### What to do
Your job with the data below is to output exactly the lines from the one holding "A bright, welcoming" down to the one holding "Steering wheel and", both included, and no others.

+ + +

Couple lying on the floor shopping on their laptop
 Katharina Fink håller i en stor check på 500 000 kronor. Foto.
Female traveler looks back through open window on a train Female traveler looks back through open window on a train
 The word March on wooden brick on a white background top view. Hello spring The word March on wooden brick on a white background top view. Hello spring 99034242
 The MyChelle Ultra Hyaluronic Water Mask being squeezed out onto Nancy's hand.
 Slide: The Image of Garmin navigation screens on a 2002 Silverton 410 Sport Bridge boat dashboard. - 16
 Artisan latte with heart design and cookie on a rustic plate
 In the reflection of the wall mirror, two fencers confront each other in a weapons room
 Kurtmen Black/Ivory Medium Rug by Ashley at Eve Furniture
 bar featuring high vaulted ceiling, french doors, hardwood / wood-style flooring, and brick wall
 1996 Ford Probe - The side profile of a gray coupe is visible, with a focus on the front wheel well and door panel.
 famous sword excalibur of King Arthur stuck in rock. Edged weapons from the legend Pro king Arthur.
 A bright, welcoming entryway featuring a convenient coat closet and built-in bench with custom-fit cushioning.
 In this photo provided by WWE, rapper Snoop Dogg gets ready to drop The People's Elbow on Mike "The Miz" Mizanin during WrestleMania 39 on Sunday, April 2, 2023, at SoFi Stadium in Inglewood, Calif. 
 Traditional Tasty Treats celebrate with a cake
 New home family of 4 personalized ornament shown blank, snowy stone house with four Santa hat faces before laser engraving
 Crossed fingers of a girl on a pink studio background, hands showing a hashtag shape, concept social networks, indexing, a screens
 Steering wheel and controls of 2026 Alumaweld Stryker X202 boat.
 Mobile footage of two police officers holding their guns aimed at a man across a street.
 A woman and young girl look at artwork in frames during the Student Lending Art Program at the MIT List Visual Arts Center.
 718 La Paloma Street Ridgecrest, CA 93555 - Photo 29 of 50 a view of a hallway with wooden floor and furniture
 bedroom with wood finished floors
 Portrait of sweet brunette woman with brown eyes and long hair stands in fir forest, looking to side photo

+ + +

### Your solution
 A bright, welcoming entryway featuring a convenient coat closet and built-in bench with custom-fit cushioning.
 In this photo provided by WWE, rapper Snoop Dogg gets ready to drop The People's Elbow on Mike "The Miz" Mizanin during WrestleMania 39 on Sunday, April 2, 2023, at SoFi Stadium in Inglewood, Calif. 
 Traditional Tasty Treats celebrate with a cake
 New home family of 4 personalized ornament shown blank, snowy stone house with four Santa hat faces before laser engraving
 Crossed fingers of a girl on a pink studio background, hands showing a hashtag shape, concept social networks, indexing, a screens
 Steering wheel and controls of 2026 Alumaweld Stryker X202 boat.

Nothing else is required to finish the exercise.